De telles augmentations deviennent difficilement supportables pour nos concitoyens et grèvent d'autres secteurs tout aussi prioritaires de l'action locale. Il faut faire une pause. Les sapeurs-pompiers professionnels des SDIS étaient 38 700 en 2007 – sans compter les bataillons militaires de Paris et de Marseille – soit 10 000 de plus qu'il y a dix ans. Les casernes sont encore principalement organisées sur la base de gardes de vingt-quatre heures, alors qu'il y a peu d'interventions entre vingt-trois heures et six heures du matin. Avec une moyenne de 95 gardes par an, les sapeurs-pompiers professionnels sont absents de leur lieu de travail 270 jours par an. Remplacer ce système par des gardes de douze ou de huit heures assurerait une meilleure présence et réduirait les ruptures de rythme. Par ailleurs, un très grand nombre de sapeurs-pompiers professionnels exercent des vacations, exonérées d'impôt, en tant que volontaires, et leur taux d'encadrement est extrêmement élevé par rapport à celui de l'armée, par exemple.

Dans notre pays, la grande politique régalienne de sécurité civile est donc définie au niveau national, mais gérée et financée au niveau des collectivités territoriales. On ne peut donc examiner isolément le milliard d'euros que lui consacre l'État.

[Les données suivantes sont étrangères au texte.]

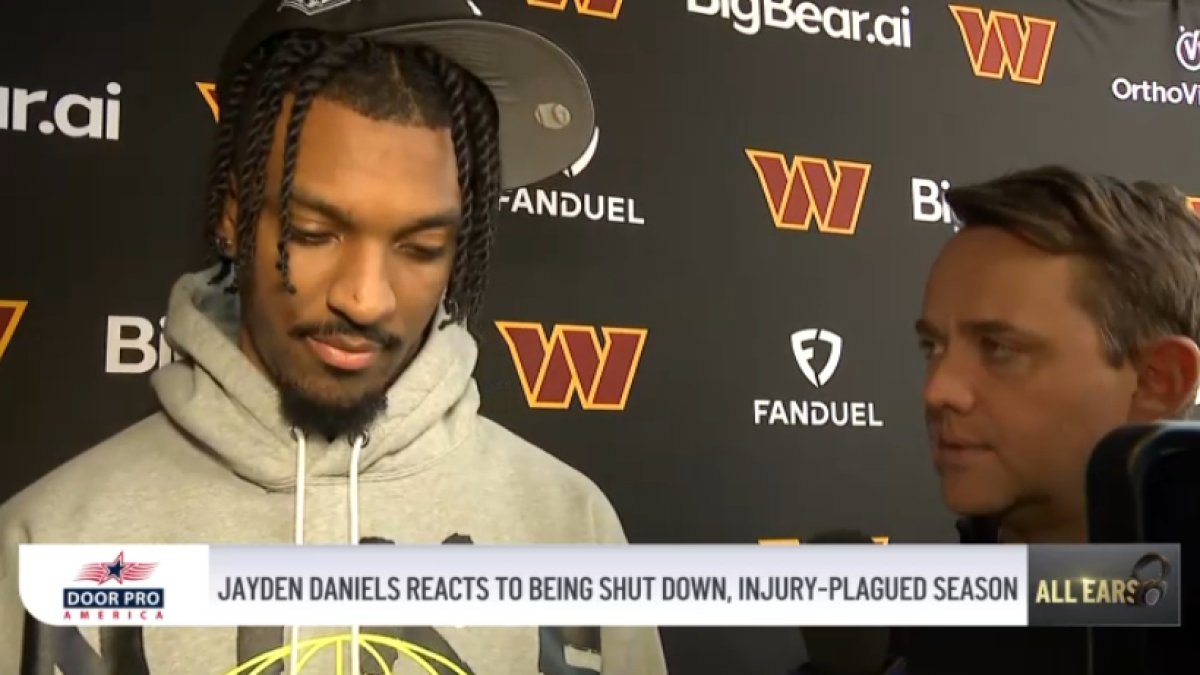 All Ears with JP Finlay – NBC4 Washington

Certes, ce sont les conseils généraux qui votent les crédits des SDIS mais, si le même problème apparaît dans cent départements différents, il devient un problème national qu'il appartient au Parlement de résoudre. La revue générale des politiques publiques ne s'est pas encore penchée sur le problème, mais force est de constater que notre sécurité civile n'a pas de pilote.

Plusieurs points fondamentaux de la loi de modernisation de la sécurité civile ne sont pas appliqués. Ainsi, l'État se contente de définir une doctrine d'emploi et de coordonner des moyens opérationnels, sans s'intéresser à leur coût ; la Conférence nationale des services d'incendie et de secours ne s'est plus réunie depuis décembre 2007 ; les regroupements de SDIS, envisagés dans le but de mutualiser les moyens, attendent toujours et la commission nationale chargée d'examiner des mesures portant sur le régime des gardes n'a toujours pas présenté son rapport, qui était prévu pour le 1er juin 2007.

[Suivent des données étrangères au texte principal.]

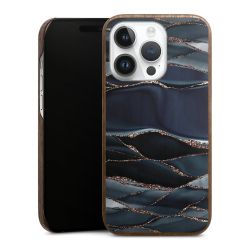 Holz Slim Case Walnuss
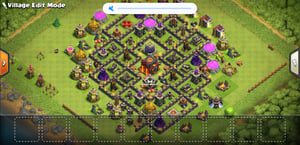 Solid Th9 base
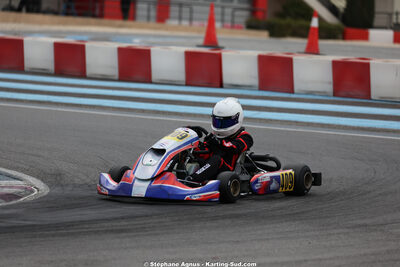 21 & 22/03/2026 : 2ème manche Championnat de Ligue PACA au Paul Ricard (photos Stéphane Agnus) 2026 — karting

La loi de finances pour 2007 a permis, à mon initiative, l'instauration d'une stratégie de performance des SDIS, avec des objectifs et indicateurs permettant la comparaison entre eux. Le livre blanc sur la défense et la sécurité nationale propose, lui, d'étendre les compétences des préfets de zone de défense et de sécurité. Il faut saisir cette opportunité pour renforcer leur rôle en matière de sécurité civile. L'État doit reprendre la main. La gestion décentralisée a montré ses limites, dont la dérive budgétaire des SDIS est la conséquence. Quant aux crédits du budget de l'État, je vous propose de les voter.